**YOUR INSTRUCTIONS:**
Set the data below down again, exactly, with every picture left out.

++++ GIVEN MATERIAL

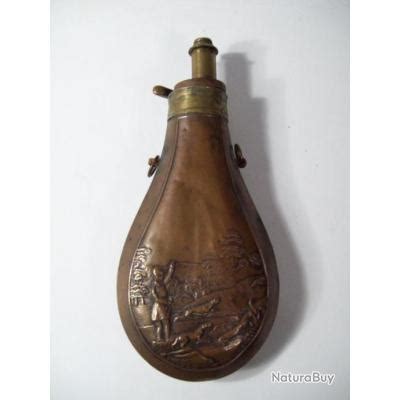 Poire A Poudre Noire Vide De Chasse Cuivre Laiton Ancienne D Cor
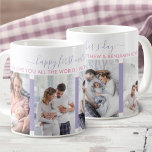 First Mothers Day 4 Photo Lavender Personalised Coffee Mug<br><div class="desc">Personalised Coffee Mug for a new Mum on Mother's Day (editable to any occasion). The photo template is set up ready for you to add 4 of your favourite photos and you can also edit the message, occasion, names and the year as you wish. The design has elegant handwritten script...</div>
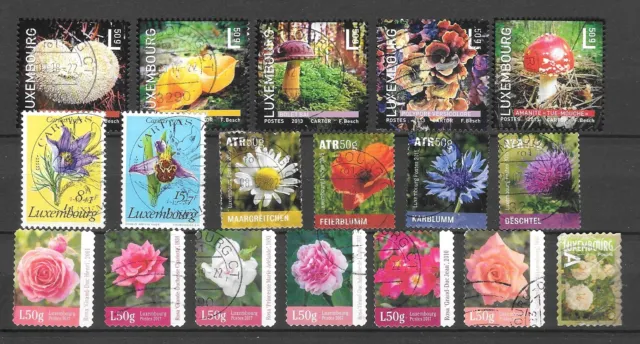 Lot Briefmarken Luxemburg, Motive Pflanzen Blumen Pilze, gestempelt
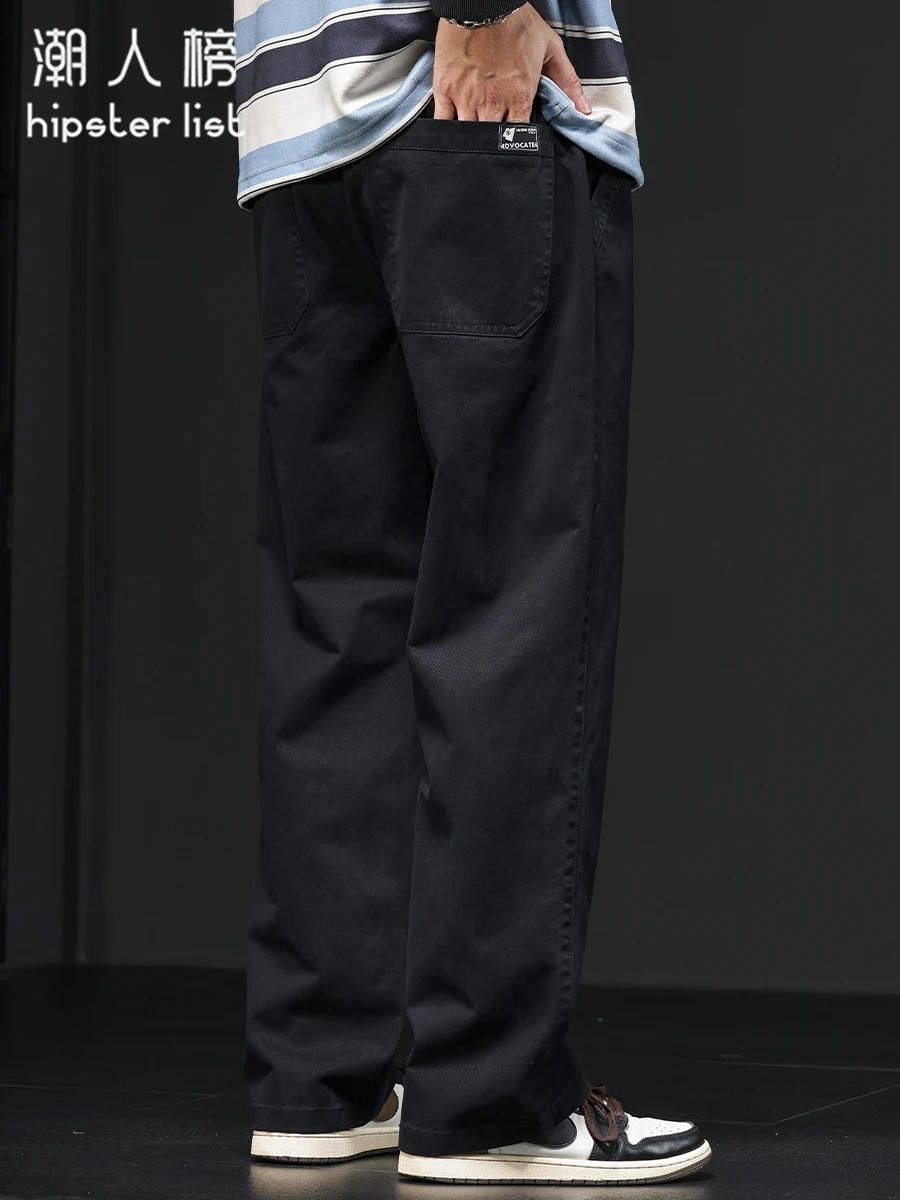 

Retro American Straight Leg Pants Men's Loose Casual Bla Casual Pants High End Busin Versatile Wide Leg Pants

++++++++

**REPLY:**
 Poire A Poudre Noire Vide De Chasse Cuivre Laiton Ancienne D Cor
 First Mothers Day 4 Photo Lavender Personalised Coffee Mug<br><div class="desc">Personalised Coffee Mug for a new Mum on Mother's Day (editable to any occasion). The photo template is set up ready for you to add 4 of your favourite photos and you can also edit the message, occasion, names and the year as you wish. The design has elegant handwritten script...</div>
 Lot Briefmarken Luxemburg, Motive Pflanzen Blumen Pilze, gestempelt

Retro American Straight Leg Pants Men's Loose Casual Bla Casual Pants High End Busin Versatile Wide Leg Pants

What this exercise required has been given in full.